Ma poco tempo dopo si scatenò una nuova ondata di arresti. E in un secondo processo (lo apprendemmo un venerdí santo in carcere) il Tribunale del popolo, oltre a comminare una serie di pene detentive, pronunciò altre tre condanne a morte: contro il professor Huber, Willi Graf e Alexander Schmorell.
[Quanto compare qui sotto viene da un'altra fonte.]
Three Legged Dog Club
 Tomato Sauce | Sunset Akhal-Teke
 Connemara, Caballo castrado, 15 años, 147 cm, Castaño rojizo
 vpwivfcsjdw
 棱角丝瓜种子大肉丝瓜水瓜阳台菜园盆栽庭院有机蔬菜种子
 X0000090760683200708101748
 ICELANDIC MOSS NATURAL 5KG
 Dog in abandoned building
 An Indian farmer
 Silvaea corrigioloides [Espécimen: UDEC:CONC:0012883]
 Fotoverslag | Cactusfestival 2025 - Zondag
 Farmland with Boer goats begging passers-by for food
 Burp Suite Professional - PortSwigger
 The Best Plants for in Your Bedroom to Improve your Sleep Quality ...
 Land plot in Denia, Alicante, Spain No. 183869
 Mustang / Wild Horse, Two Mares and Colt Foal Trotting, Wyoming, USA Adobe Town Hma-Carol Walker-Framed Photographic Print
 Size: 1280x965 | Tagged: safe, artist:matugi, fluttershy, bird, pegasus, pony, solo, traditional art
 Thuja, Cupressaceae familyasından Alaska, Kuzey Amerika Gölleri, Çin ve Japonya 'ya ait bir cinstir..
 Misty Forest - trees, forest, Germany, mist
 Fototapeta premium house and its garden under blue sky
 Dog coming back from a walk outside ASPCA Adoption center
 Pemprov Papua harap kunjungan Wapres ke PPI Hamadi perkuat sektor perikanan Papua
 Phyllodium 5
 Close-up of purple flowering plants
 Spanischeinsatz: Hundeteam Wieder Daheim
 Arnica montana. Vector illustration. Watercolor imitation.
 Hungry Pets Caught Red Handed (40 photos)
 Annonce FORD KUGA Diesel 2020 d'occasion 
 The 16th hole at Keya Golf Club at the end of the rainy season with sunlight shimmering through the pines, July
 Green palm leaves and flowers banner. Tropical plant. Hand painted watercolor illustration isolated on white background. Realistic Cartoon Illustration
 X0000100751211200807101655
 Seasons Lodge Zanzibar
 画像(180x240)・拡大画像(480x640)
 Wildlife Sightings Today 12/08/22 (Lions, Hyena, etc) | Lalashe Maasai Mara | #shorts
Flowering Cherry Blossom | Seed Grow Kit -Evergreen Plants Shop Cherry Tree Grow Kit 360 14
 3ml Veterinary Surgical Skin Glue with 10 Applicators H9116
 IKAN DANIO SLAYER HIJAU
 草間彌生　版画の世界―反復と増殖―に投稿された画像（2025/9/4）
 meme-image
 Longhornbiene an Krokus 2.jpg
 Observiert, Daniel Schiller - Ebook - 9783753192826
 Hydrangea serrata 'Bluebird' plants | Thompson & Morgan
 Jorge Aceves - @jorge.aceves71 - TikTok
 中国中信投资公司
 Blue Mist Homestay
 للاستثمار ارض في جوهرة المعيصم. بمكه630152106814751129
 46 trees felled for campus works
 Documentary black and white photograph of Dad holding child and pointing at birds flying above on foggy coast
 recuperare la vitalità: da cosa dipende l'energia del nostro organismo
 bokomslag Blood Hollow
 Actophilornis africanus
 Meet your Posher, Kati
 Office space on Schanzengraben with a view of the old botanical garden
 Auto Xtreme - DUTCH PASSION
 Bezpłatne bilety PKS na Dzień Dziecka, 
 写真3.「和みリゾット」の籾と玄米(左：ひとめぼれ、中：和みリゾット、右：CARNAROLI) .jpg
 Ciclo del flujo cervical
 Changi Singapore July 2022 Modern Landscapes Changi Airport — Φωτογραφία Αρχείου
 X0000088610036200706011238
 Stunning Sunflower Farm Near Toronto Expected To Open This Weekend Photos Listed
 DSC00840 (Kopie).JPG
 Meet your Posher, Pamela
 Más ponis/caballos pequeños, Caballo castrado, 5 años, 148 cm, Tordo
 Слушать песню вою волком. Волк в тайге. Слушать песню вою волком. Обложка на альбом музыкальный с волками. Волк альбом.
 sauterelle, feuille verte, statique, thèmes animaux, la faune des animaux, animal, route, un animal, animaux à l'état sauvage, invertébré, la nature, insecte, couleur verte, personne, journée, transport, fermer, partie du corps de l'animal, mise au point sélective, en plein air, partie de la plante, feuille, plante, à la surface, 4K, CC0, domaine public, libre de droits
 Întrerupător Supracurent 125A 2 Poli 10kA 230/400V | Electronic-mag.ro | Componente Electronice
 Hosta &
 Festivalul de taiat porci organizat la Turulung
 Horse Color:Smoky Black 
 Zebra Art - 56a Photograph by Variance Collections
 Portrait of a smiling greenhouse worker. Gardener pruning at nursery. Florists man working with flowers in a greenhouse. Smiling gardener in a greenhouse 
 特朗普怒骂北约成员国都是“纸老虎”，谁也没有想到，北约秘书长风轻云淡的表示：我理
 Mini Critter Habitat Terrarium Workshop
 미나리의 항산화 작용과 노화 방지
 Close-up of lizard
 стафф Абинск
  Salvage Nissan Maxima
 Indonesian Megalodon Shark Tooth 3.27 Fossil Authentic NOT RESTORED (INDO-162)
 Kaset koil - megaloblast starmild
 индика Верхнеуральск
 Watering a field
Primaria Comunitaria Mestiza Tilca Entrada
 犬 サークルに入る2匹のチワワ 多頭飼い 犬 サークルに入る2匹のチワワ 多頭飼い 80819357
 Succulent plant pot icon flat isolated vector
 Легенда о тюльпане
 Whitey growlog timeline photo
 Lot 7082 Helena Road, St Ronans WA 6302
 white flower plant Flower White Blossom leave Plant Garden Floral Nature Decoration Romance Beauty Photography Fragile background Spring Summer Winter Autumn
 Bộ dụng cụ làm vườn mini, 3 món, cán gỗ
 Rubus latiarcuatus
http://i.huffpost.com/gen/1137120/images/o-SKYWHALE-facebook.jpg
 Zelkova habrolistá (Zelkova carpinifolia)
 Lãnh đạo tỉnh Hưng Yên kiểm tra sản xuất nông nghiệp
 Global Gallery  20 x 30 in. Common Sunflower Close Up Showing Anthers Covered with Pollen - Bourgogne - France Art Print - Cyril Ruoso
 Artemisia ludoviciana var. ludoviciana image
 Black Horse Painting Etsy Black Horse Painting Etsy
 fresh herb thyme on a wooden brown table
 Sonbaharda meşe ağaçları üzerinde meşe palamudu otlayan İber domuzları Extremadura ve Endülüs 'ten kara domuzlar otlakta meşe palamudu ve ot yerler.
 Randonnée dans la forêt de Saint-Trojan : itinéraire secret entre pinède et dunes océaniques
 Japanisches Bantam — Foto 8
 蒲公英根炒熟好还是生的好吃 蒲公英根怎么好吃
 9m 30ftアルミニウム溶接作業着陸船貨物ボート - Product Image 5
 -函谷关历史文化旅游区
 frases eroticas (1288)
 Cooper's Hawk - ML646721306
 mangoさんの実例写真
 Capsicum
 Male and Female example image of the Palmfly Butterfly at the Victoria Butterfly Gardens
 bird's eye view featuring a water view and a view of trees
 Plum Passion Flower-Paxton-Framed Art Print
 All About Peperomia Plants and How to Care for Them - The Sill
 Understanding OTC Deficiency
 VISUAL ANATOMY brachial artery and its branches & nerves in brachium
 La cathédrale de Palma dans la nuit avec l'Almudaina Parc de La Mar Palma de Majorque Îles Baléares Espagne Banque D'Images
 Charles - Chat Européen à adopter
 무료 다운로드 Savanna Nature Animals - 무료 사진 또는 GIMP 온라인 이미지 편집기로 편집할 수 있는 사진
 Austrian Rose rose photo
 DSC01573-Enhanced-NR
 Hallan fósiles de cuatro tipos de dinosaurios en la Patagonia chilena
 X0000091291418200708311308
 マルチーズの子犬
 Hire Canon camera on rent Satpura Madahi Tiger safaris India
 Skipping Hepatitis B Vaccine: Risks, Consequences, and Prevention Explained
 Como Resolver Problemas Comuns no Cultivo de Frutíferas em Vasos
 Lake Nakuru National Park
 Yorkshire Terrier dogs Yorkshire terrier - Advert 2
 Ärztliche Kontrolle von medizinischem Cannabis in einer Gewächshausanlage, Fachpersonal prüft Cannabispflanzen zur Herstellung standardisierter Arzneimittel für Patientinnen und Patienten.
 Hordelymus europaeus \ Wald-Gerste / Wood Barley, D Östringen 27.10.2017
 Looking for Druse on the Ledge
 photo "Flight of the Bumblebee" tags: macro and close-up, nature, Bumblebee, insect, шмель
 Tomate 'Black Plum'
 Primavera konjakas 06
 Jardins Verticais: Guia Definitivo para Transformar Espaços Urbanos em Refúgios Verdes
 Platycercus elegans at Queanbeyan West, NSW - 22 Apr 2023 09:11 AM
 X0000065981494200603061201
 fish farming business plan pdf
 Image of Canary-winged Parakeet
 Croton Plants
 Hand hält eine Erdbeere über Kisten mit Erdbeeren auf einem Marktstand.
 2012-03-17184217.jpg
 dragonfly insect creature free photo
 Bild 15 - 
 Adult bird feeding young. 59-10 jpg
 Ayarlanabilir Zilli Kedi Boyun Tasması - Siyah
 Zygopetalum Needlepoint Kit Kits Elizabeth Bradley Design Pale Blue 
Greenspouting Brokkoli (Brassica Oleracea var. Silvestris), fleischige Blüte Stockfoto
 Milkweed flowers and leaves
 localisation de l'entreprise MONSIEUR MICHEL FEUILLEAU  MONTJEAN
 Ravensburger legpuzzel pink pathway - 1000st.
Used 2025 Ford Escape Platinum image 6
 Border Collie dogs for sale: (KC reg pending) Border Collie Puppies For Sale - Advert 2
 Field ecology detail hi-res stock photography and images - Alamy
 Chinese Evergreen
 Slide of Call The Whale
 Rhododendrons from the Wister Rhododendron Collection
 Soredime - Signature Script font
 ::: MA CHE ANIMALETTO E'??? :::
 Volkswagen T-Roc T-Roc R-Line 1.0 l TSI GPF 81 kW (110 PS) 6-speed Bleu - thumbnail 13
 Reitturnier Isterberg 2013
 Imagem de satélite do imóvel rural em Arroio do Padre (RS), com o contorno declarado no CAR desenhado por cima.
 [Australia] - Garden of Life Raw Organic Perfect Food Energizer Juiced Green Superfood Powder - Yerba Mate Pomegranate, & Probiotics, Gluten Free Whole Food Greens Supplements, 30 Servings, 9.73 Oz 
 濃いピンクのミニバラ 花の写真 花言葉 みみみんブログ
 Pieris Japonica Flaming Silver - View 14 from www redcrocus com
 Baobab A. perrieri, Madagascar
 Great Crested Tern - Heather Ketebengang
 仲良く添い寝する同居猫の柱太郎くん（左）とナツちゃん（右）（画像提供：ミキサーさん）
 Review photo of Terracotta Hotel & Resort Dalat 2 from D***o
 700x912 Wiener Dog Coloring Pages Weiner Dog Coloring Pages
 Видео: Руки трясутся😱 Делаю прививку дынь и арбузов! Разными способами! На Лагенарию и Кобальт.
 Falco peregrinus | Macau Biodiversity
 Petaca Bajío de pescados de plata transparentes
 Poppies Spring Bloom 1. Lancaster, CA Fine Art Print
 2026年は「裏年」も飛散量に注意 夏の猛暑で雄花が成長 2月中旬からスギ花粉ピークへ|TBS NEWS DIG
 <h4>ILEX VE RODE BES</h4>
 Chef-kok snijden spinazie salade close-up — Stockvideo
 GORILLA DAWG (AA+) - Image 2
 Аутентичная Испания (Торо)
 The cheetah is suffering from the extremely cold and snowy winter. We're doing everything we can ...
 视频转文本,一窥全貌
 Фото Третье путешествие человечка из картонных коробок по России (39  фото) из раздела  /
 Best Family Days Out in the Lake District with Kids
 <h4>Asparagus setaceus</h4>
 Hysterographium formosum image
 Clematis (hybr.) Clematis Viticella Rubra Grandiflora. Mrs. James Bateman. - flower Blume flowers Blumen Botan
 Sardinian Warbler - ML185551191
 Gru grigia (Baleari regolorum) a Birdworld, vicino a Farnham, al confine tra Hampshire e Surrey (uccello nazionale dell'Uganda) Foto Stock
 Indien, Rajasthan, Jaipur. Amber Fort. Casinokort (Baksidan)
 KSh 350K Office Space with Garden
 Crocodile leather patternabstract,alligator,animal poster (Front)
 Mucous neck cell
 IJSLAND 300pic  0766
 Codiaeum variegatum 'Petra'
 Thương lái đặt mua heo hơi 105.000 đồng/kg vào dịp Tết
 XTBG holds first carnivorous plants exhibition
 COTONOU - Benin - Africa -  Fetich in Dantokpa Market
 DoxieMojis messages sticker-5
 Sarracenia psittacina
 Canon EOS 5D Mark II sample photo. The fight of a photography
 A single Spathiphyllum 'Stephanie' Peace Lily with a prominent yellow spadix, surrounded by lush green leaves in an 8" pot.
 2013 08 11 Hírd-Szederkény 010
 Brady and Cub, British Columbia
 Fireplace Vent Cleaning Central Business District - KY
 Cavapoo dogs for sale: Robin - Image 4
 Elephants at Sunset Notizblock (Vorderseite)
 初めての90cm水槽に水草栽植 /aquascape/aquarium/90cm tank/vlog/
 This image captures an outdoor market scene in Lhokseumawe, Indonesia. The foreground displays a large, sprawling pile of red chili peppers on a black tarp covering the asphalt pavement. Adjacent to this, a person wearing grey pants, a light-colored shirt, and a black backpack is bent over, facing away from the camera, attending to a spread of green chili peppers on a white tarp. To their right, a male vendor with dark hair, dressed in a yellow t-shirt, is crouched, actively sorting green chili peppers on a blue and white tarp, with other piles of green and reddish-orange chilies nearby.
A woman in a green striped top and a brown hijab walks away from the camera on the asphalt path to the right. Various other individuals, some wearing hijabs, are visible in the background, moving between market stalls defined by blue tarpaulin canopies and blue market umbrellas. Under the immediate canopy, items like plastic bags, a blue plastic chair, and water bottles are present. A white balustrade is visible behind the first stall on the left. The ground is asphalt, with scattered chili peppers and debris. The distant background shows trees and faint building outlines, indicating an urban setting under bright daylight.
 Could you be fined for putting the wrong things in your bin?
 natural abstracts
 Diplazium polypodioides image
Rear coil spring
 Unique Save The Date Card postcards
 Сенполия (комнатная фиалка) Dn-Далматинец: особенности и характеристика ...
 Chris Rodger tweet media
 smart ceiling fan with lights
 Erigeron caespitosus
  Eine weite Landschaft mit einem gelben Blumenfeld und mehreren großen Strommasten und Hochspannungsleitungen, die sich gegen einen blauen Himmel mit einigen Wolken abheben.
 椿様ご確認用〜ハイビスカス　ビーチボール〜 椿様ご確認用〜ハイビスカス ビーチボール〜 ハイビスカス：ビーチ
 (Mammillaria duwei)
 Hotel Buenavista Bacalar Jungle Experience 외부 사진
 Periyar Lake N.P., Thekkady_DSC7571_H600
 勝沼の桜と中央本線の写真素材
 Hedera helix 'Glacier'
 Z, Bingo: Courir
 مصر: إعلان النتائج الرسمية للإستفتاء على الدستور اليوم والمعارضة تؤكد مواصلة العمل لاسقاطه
Fra gli appunti del professor Huber, il quale aveva continuato instancabilmente a occuparsi, anche in carcere, prima e dopo la condanna, dei suoi studi, fu trovata la bozza, che riportiamo, delle «Ultime parole dell'accusato». Queste parole, secondo quel che è stato riferito, furono ripetute, almeno quanto al senso, davanti al Tribunale del popolo:

Come cittadino tedesco, come professore universitario tedesco e come essere politico, considero non solo un diritto, ma un dovere morale, cooperare al destino della Germania, svelare dei mali evidenti e combatterli... Ciò a cui miravo era il risveglio degli ambienti studenteschi, non mediante un'organizzazione, ma attraverso semplici parole, per provocare, non un gesto di violenza, ma la comprensione morale dei gravi mali presenti della vita politica. Il ritorno a principi chiari, morali, allo Stato di diritto, alla mutua fiducia tra gli uomini, non è un'illegalità, ma, al contrario, il ripristino della legalità. In conformità all'imperativo categorico di Kant, mi sono domandato che cosa sarebbe accaduto se questa massima soggettiva del mio agire fosse divenuta legge generale. Non c'è che una risposta: si ristabilirebbe 1'ordine, la sicurezza, la fiducia nel nostro ordinamento statale, nella nostra vita politica. Tutti coloro che sono dotati di senso di responsabilità morale, unirebbero le loro voci alla nostra contro il minaccioso, tirannico predominio della mera violenza sul diritto, del mero arbitrio sopra la volontà del bene morale. L'esigenza della libera autodeterminazione anche del piú piccolo gruppo etnico viene brutalmente soffocata in tutta Europa, non meno del diritto alla salvaguardia delle caratteristiche razziali e nazionali. L'esigenza fondamentale, quella cioè di una vera comunità nazionale, è annientata dalla sistematica distruzione della fiducia reciproca fra i suoi membri. Non v'è giudizio piú terribile su una comunità nazionale, che dover confessare, come tutti dobbiamo fare, che nessuno si sente sicuro dei propri vicini, né il padre dei propri figli.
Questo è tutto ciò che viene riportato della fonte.